Mangalore Today News Network

Kashmir, Nov 27, 2014: Two-month-old conjoined twin girls from Kashmir fused at the abdomen and sharing a liver were successfully separated in a Gurgaon hospital on November 15.

 

conjoined twin...


The twins, Saboora and Safoora, were conjoined in a type of fusion termed as omphalopagus, that required their joint abdominal wall to be opened, the common liver divided between the two and the abdominal wall reconstructed.

Dr A S Soin, chairman of the liver institute at Medanta Medicity, where the girls were separated, said, “There is no described anatomy of a liver that is shared between two humans and no standard technique to split it. The separation of the liver had a high risk of bleeding and the danger of landing up with an inadequately functioning liver in one or even both babies.”

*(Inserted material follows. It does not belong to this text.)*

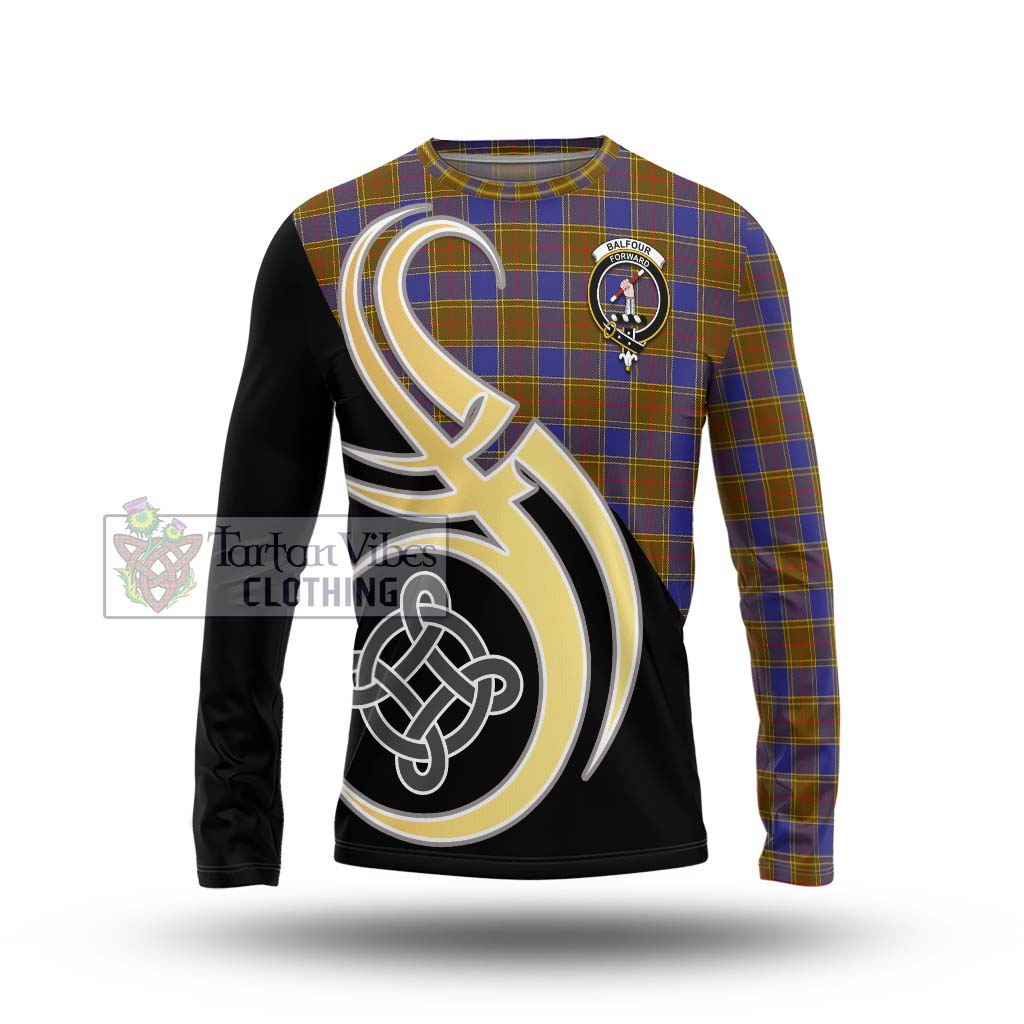 Balfour Tartan Long Sleeve T-Shirt with Family Crest and Celtic Symbol Style Unisex - Tartan Vibes Clothing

Explaining the decision to separate the babies, Dr Soin said, “We took a long time before deciding on the surgeries. It was a dilemma whether we were right in disturbing them when the odds were against their survival.”

In 2012, 11-month-old twins fused in a similar condition with a common liver but different blood supplies had been successfully separated in a charitable hospital in Betul, Madhya Pradesh. One of the babies, however, had died 15 days after the procedure.

In this case, doctors said both babies have a good chance of survival because other organs such as heart and the intestines were separate. “The intestines of each were floating in the other’s body but the size of the liver was quite big so we could successfully separate them in a 60:40 ratio,” Dr Neelam Mohan, director of paediatric gastroenterology at the hospital, said.

The father of the girls said having his daughters live separate lives was a blessing. “Daily activities like feeding them, changing their clothes and putting them to bed was a challenge. When we got them here, everybody discouraged us from going ahead with the surgery.

We were giving up hope. Today it is a blessing to see the two happy and healthy,” the father, who did not wish to be named, told Newsline.

The condition is rare and occurs once in 1,00,000 births, with 3 out of 4 cases being girls. “Preparing the twins for surgery was a unique challenge too, needing improvisation even for simple procedures like blood sampling, X rays and scans,” Dr Mohan explained.

Administering anaesthesia was difficult as both babies had to be kept on the same operating table, but connected to two different anaesthesia machines, two ventilators, and managed by two anaesthesia teams. “The medicines administered to one would have an unpredictable effect on the other twin as their circulations were connected via the liver, so we had to take special care,” Dr Vijay Vohra, chief of anaesthesia, said.

Once separated, one baby was shifted to another operating room so that plastic surgeons could work on their abdomens separately,to reconstruct the deficient abdominal wall. Doctors said the liver function in both babies was normal, as periodical tests indicated.